BILL QUIGLEY: Yes. This is another example of the courts failing to uphold their duty as a check or a balance to the actions of Congress or the administration. And the courts have said, look, maybe it’s true that this guy was kidnapped, maybe it’s true that he was rendered and he was tortured and held in a little underground burial spot for a year, and it’s true that he was innocent, but this is not something for the courts to get into, because this looks into sensitive issues of foreign policy, sensitive issues of secrecy. Well, that is just — it’s a green light for the government to do whatever they want, under whatever circumstances.

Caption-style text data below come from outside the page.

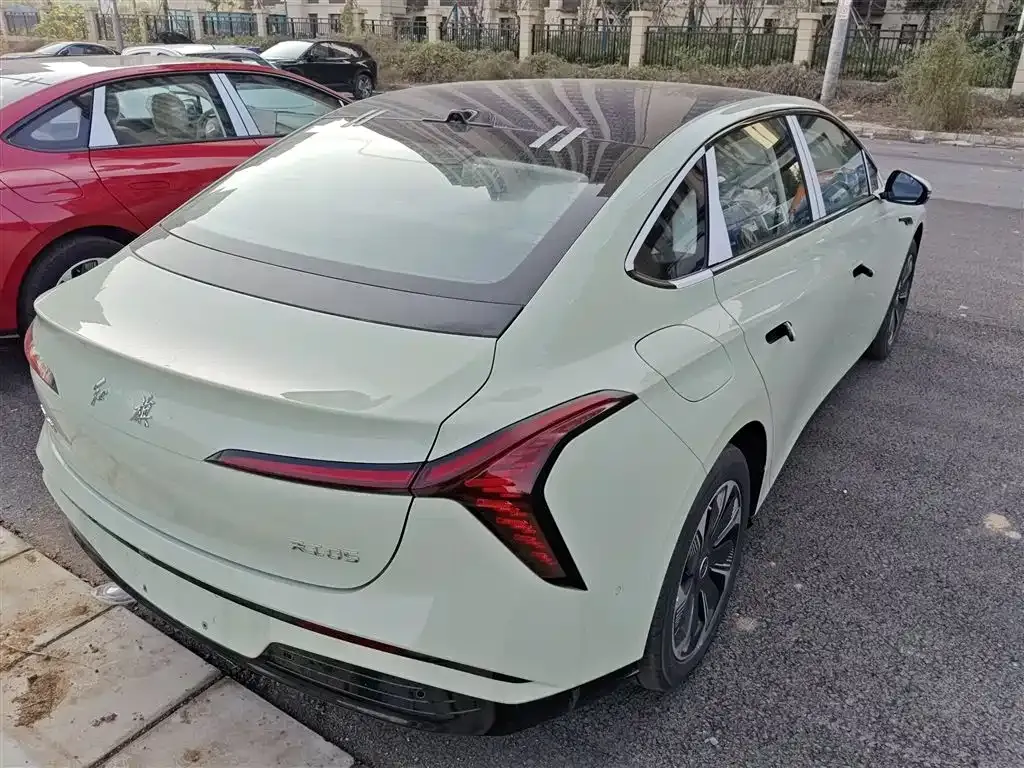 Hongqi Tiangong 05 2025 из CN, фото 7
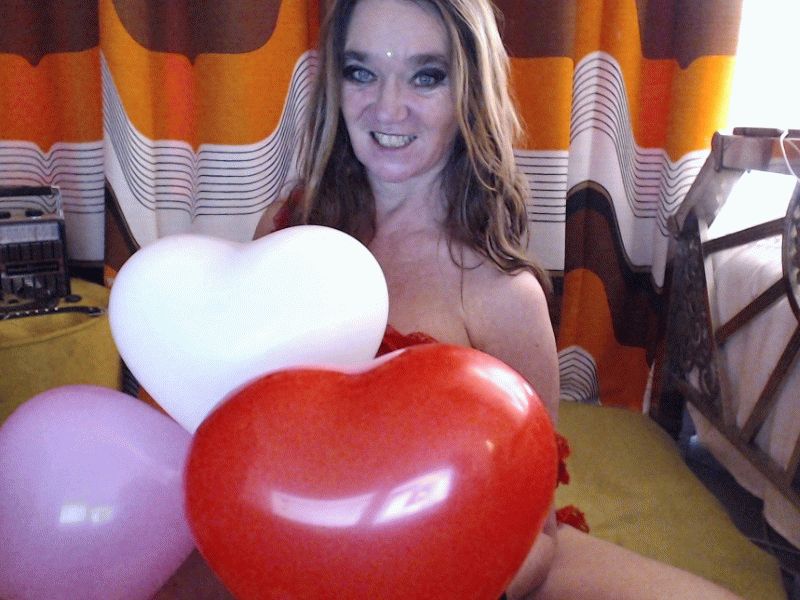 miss70cam (18+) tweet media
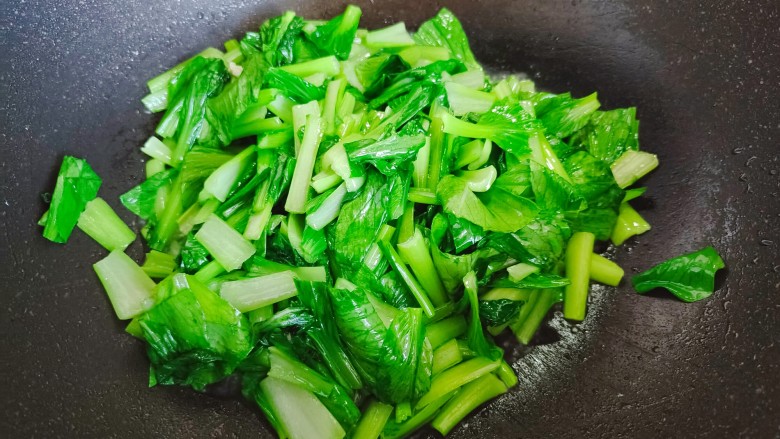 火腿青菜炒鸡蛋,翻炒至青菜变软,体积变小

And this is a guy who was snatched by the United States government at JFK Airport in New York and sent to Syria. So, I mean, it’s not something that happened in another place. We took him off of a plane in JFK, that he was going to Canada, and gave him to the Syrians, sent him to Syria to be tortured for a year, because people thought he was a terrorist, which he wasn’t. And unless the Supreme Court rises and reasserts its role, the role of the courts to hold the government accountable, then this is immunity for John Ashcroft and Bush officials, and it is impunity of the kind that we criticize countries for around the world.
AMY GOODMAN: Bill Quigley, I want to thank you for being with us, legal director at the Center for Constitutional Rights, just recently back from Haiti.